Hello to our readers, with special thanks to those who have encouraged our blogging efforts over the last several days with their words of appreciation. This can mean a lot at this point of the Intensives when the programme is still continuing ‘relentlessly,’ as Keith likes to say, but the energy levels are evaporating. And while we’re on the subject of the intensiveness of the Intensives programme, here’s a reflection from Katharina, our Head Librarian:
As I spent another Saturday afternoon at the wonderfully cool IBTS library while Prague bestowed a hot early autumn day on its inhabitants and visitors, my thoughts kept reverting to the theme that has been important to me since I became involved with library work in addition to teaching. A library, by definition, has to provide equal and sufficient services to all students of the institution, independently of whether they study full-time and on-site or part-time and at a great geographical distance. How can we at IBTS meet this challenge? While students are enjoying the benefits of a huge theological library during these few weeks at the beginnings of their studies, how will each of them cope with finding relevant quality materials while back home in their individual countries? For some, it will simply be the matter to find good theological or academic libraries in their neighbourhood and arrange for rights to use them (if necessary, with our help).

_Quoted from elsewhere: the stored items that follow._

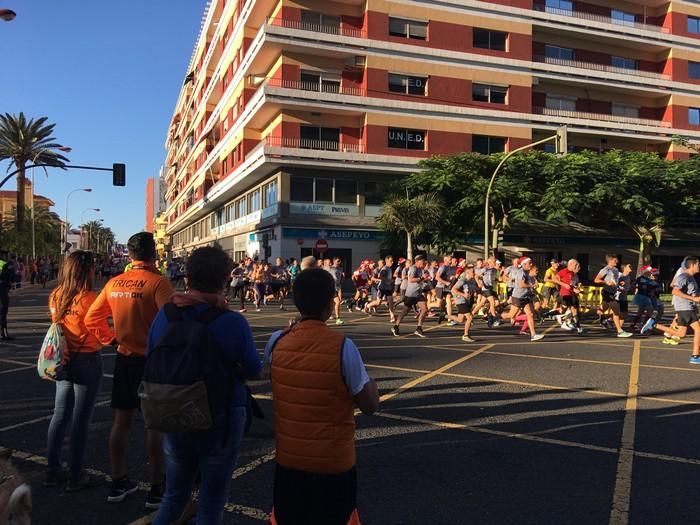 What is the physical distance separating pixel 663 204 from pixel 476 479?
102ft

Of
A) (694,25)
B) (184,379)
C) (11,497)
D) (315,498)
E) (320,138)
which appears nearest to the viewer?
(11,497)

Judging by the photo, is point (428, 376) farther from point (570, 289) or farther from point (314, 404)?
point (570, 289)

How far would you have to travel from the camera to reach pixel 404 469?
169 inches

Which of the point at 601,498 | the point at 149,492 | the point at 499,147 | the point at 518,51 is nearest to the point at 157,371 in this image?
the point at 149,492

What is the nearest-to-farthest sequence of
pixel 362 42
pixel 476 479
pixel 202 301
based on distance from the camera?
pixel 202 301
pixel 476 479
pixel 362 42

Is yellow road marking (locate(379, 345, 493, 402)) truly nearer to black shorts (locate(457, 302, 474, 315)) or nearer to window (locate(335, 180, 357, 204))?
black shorts (locate(457, 302, 474, 315))

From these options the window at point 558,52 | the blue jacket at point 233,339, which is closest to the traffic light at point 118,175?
the window at point 558,52

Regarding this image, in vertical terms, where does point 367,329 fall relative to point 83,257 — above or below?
below

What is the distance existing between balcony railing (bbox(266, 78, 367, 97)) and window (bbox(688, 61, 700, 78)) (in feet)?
77.7

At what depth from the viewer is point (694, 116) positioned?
1473 inches

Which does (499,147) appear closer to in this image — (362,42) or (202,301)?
(362,42)

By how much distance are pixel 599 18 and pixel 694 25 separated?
326 inches

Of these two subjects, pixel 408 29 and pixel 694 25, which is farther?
pixel 694 25

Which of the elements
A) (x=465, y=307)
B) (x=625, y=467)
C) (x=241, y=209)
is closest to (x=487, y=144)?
(x=241, y=209) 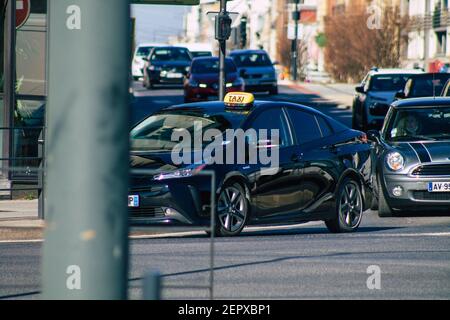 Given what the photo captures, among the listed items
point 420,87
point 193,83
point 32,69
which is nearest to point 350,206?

Others, however – and this concerns most of our Eastern European and Middle Eastern students – will need to develop the discipline of “creative hunting“: seek out materials in various formats (print, electronic, multi-media, microfilm) and through libraries in various geographical places, arrange for found materials to reach them as scan, copy, gift or purchase, or to enlist an informal network (friends, colleagues, librarians, spouses) to hunt for materials on their behalf.
While listening to the “blissful silence interrupted only by the turning of the pages,” I kept hearing the clicks of a digital camera, the buzzing of the scanners and the scribbling of pens taking notes from the required reading books – the latter, admittedly, less prominent than the former. Students have become very proficient with technology when it comes to meeting their research needs and supplying themselves with materials needed to answer the essay question before them. Yes, sometimes they panick and copy or scan everything that seems to relate to their topic (and who can condemn such “survival mode“ of a have-not?). But often they develop into multi-channel persons who with any means anywhere are able to listen/search for anything that possibly relates to their topic of study. (Such discipline, I believe, helps to make them more sensitive to the needs of others (of whatever kind) and become spiritually and emotionally alert persons who notice and take seriously needs of those marginalised from the usual benefits of society.)
For the library, it means that our mission is not only to fulfill the function of the “memory“ in the church as the body of Christ, being responsible for the collection and preservation of the body’s resources, maintaining in the library the collected works of the “clouds of witnesses” who have gone before us. The mission is also to act as a pointer finger to helpful resources in the aftermath of the information explosion as well as the hand that gets resources on behalf of remote students from anywhere in the world and hands these to them in a manageable format.